The new suggested stationary production line (Figure 5) for the processing extracted raw material was comprised of the following equipment: mobile crusher, mobile sorter, three stationary sorting lines, belt conveyors, bigger storage space, tracked excavators, loaders, and exhausting equipment. The design of the new production line brought changes in the machinery park of the mining company. The mining company started to use mobile sorters, mobile crushers, which provided a sufficient number of prepared fractions for customers and, thus, satisfied the demand for processed raw materials. These devices have simplified the production process and increased flexibility in the processing of raw materials and the transfer of mobile equipment for sorting lines and storage space. In the mining process, sorting line number 3 was removed, thus removing the belt conveyors; the exhausting device was moved to sorting line number 4; sorting line number 1 was reduced, thus moving the sorting processes to the mobile sorter and mobile crusher.
The removal of long conveyor belts increased work productivity as there was no need to move the belt conveyors for the crusher. Mining company Machinery Park has expanded with new wheel loaders (Figure 6), a larger bucket capacity for more efficient loading in comparison with the old wheel loader (Figure 7), new trucks, two Caterpillar crawler excavators with more weight and the associated possibility of a larger bucket volume. The equipment of the mining company’s machinery has increased the flexibility and productivity of the mining and processing process. Changes in the machinery had to be recorded by comparing the technical parameters (Table 2) of the new equipment—wheel loader. More powerful wheel loaders are important in terms of the time interval for loading the truck with raw materials.
The technical parameters of the new wheel loaders (Figure 6) mean benefits for the mining company in reducing the loading time of the raw material, speeding up the dispatch of the raw material to the crusher. With the original wheel loader, it was necessary to realize six loads quantity, while the new wheel loader has only three loads quantity; this means a 50% reduction in the number of the loads’ quantity. Machinery Park was supplemented by a tracked excavator which is used in the mining process. Changes in the machinery had to be recorded by comparing the technical parameters (Table 3) of the new equipment—tracked excavator. Those technical parameters are very important for mining process.

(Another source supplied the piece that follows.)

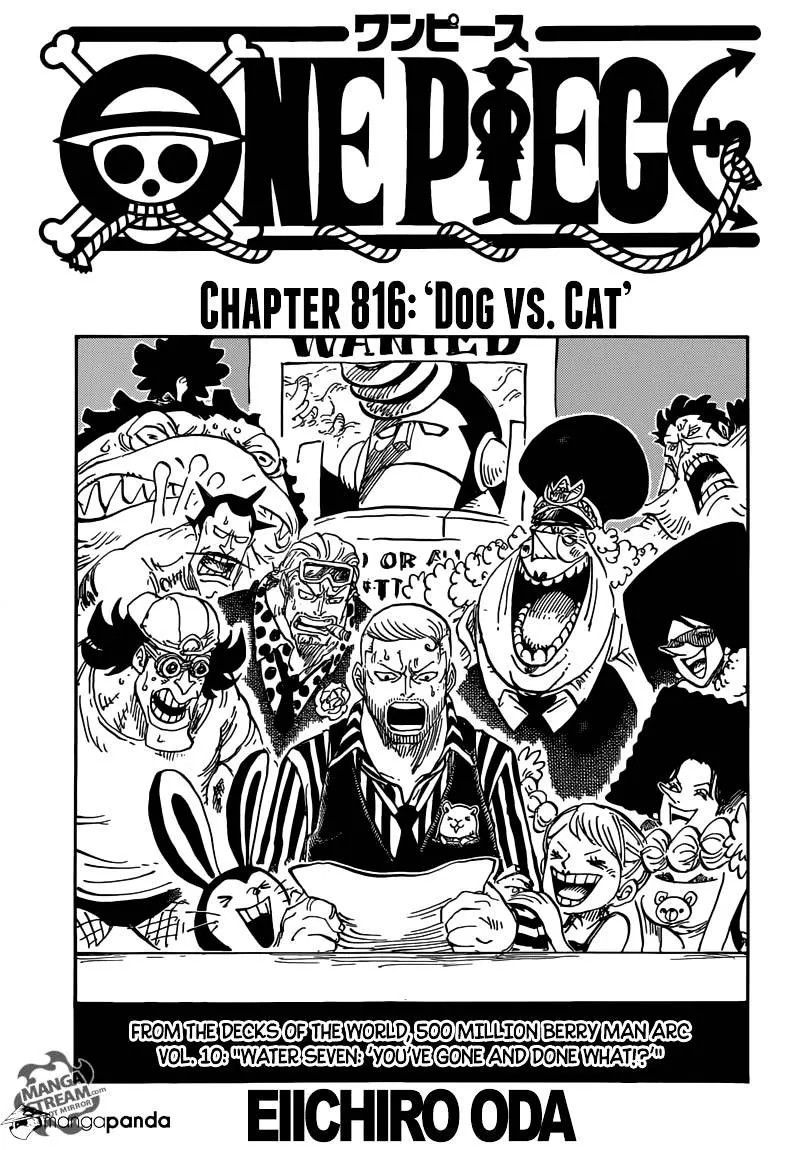 One Piece Zinmanga X Chapter 816 Page 1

By comparing the old (Figure 8) and new tracked excavator (Figure 9) are better technical parameters. The technical parameters of the new tracked excavator mean benefits for the mining company. More powerful tracked excavators will ensure continuous production, constant extraction of crushers and shorten the interval of moving rock from the floor to the crushing site.
Changes in the machinery had to be recorded by comparing the technical parameters (Table 4) of the new equipment—mobile crusher with old mobile crusher. Those technical parameters are very important for the crusher process. By comparing the old mobile crusher, HART (Figure 10), and the new mobile crusher, SANDVIK (Figure 11), the improved technical performance parameters of the new machine can be observed. The mining company can use both mobile crushers at the same time to produce more raw material. The benefit of owning two mobile crushers is to use one in case the second crusher fails.

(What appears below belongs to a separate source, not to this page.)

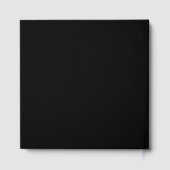 Moderne Scannbare QR-code | Zwart Wit & Grijs Gastenboek (Achterkant)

Changes in the machinery recorded by comparing the technical parameters of the equipment’s wheel loader, tracked excavator, and mobile crusher brings benefits for the mining process. Mining companies can design a new distribution of machines in the mining process on the basis of these changes. By creating a new optimal distribution of machines, new machines were used with better technical parameters.

4. Discussion

The optimization proposal consisted of the transition from the original production process using stationary equipment to the production process using a combination of mobile and stationary equipment. The innovation of mining machines and layout of mining process have to accept factors that are important for optimization. Cehlár et al. (2005) said that the optimal placement of mining machines in the mining process brings time savings, reduced downtime, increased volume of processed raw material, reduced operating costs, and satisfied customer requirements, which was achieved in the selected mining company. The operating costs reduction is a very important part of the economic efficiency because costs influence profit in mining companies. Šofranko et al. (2015) said that the optimization of the equipment is related to the service life of the equipment and, therefore, it is necessary to monitor the time of its use in the mining process. The operating time of mining machines was checked, and the results showed that it is effective buy new machines. A suitable alternative to machinery optimization is a combination of stationary production lines and mobile equipment in the mining process and their optimal distribution. Koščo et al. (2017) said that the mining process influences a lot of factors, such as safety, components of machines, monitoring system of machines, spare parts of mining machines, ergonomic distribution, and diagnostic system of failures. Those factors were accepted by the innovation process in the mining company.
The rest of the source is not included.